_Your goal_
Please write out all the data exactly as shown.

== Segment start ==

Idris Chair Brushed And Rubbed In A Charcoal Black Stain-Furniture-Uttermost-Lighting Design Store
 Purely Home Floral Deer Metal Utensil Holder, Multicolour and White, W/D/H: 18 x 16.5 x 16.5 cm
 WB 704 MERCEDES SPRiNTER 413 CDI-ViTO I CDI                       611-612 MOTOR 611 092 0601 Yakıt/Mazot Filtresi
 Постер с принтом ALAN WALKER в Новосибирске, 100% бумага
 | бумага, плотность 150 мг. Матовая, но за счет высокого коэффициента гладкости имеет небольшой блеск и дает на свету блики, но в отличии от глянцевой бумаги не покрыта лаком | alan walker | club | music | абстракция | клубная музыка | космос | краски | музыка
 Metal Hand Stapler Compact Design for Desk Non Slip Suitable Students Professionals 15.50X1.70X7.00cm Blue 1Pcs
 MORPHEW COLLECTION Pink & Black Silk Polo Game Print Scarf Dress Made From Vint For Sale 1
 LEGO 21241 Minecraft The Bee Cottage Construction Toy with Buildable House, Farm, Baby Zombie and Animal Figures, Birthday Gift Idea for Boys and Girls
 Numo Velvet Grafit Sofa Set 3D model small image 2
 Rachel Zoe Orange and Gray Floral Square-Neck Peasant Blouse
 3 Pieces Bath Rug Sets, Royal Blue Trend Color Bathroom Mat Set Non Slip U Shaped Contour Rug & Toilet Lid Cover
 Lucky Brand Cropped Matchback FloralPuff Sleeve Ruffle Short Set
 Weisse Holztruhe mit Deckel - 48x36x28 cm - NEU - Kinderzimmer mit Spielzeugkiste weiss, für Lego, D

== Segment end ==

_Response below_
Idris Chair Brushed And Rubbed In A Charcoal Black Stain-Furniture-Uttermost-Lighting Design Store
 Purely Home Floral Deer Metal Utensil Holder, Multicolour and White, W/D/H: 18 x 16.5 x 16.5 cm
 WB 704 MERCEDES SPRiNTER 413 CDI-ViTO I CDI                       611-612 MOTOR 611 092 0601 Yakıt/Mazot Filtresi
 Постер с принтом ALAN WALKER в Новосибирске, 100% бумага
 | бумага, плотность 150 мг. Матовая, но за счет высокого коэффициента гладкости имеет небольшой блеск и дает на свету блики, но в отличии от глянцевой бумаги не покрыта лаком | alan walker | club | music | абстракция | клубная музыка | космос | краски | музыка
 Metal Hand Stapler Compact Design for Desk Non Slip Suitable Students Professionals 15.50X1.70X7.00cm Blue 1Pcs
 MORPHEW COLLECTION Pink & Black Silk Polo Game Print Scarf Dress Made From Vint For Sale 1
 LEGO 21241 Minecraft The Bee Cottage Construction Toy with Buildable House, Farm, Baby Zombie and Animal Figures, Birthday Gift Idea for Boys and Girls
 Numo Velvet Grafit Sofa Set 3D model small image 2
 Rachel Zoe Orange and Gray Floral Square-Neck Peasant Blouse
 3 Pieces Bath Rug Sets, Royal Blue Trend Color Bathroom Mat Set Non Slip U Shaped Contour Rug & Toilet Lid Cover
 Lucky Brand Cropped Matchback FloralPuff Sleeve Ruffle Short Set
 Weisse Holztruhe mit Deckel - 48x36x28 cm - NEU - Kinderzimmer mit Spielzeugkiste weiss, für Lego, D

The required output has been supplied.